'''

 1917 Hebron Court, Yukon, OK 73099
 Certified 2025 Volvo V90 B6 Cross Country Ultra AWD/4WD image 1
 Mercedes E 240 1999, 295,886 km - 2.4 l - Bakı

'''
'''

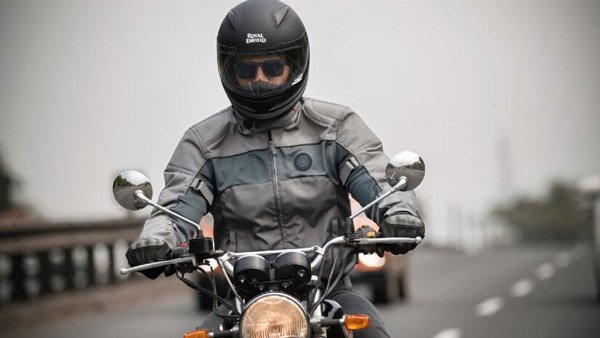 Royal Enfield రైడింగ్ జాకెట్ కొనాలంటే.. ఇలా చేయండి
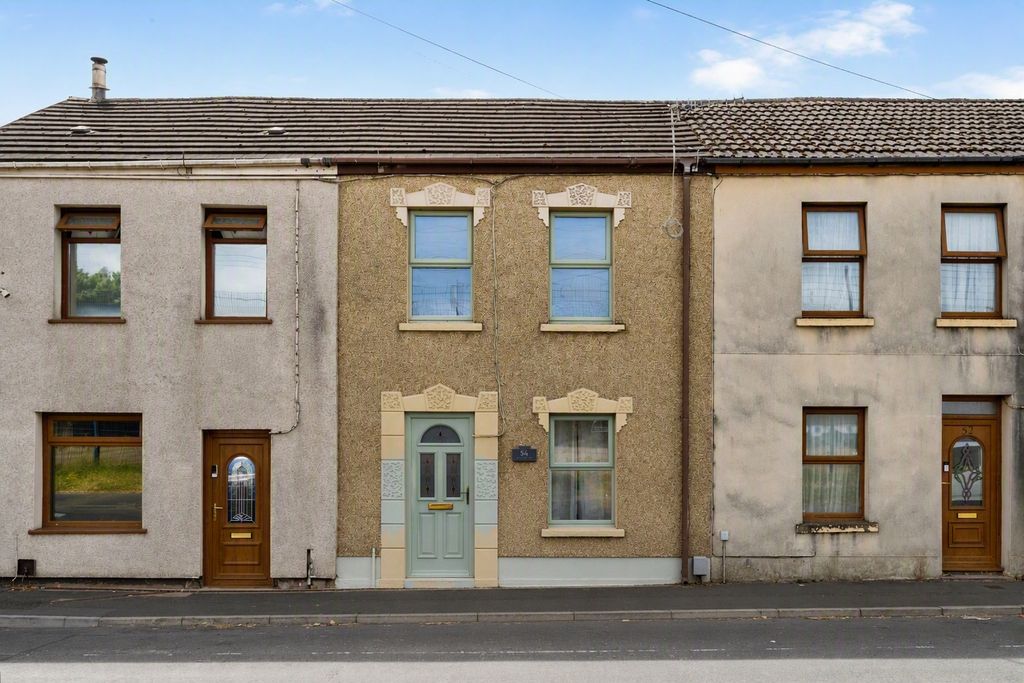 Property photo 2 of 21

'''
'''

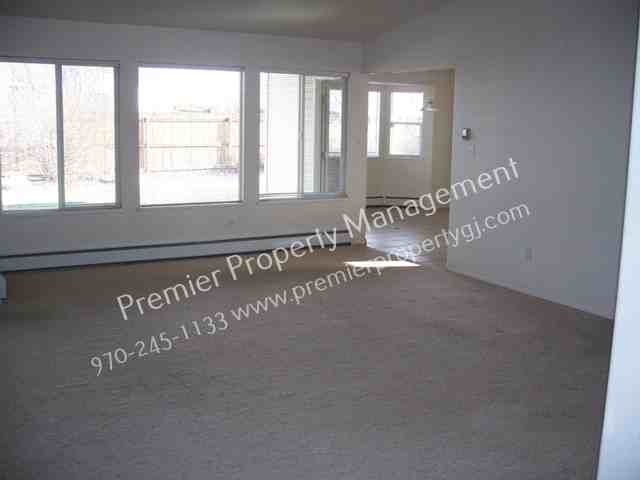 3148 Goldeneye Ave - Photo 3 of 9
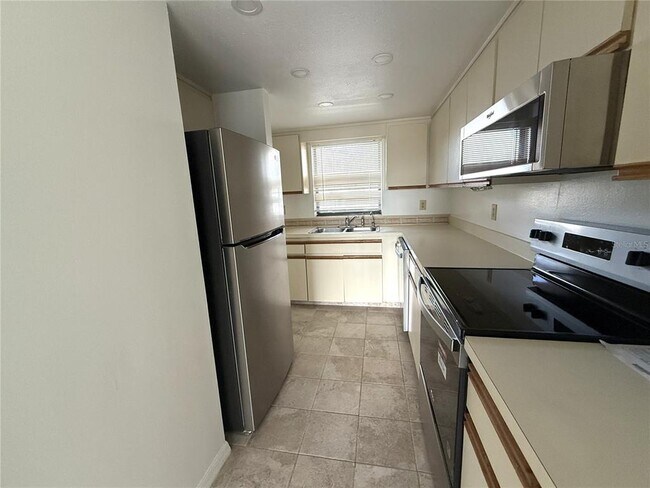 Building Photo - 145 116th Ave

'''

EXERCISE REQUIREMENTS —
Copy back the listing above exactly, but only from the line with "1917 Hebron Court, Yukon, OK 73099" through the line with "Mercedes E 240", both ends included.

SOLUTION —
 1917 Hebron Court, Yukon, OK 73099
 Certified 2025 Volvo V90 B6 Cross Country Ultra AWD/4WD image 1
 Mercedes E 240 1999, 295,886 km - 2.4 l - Bakı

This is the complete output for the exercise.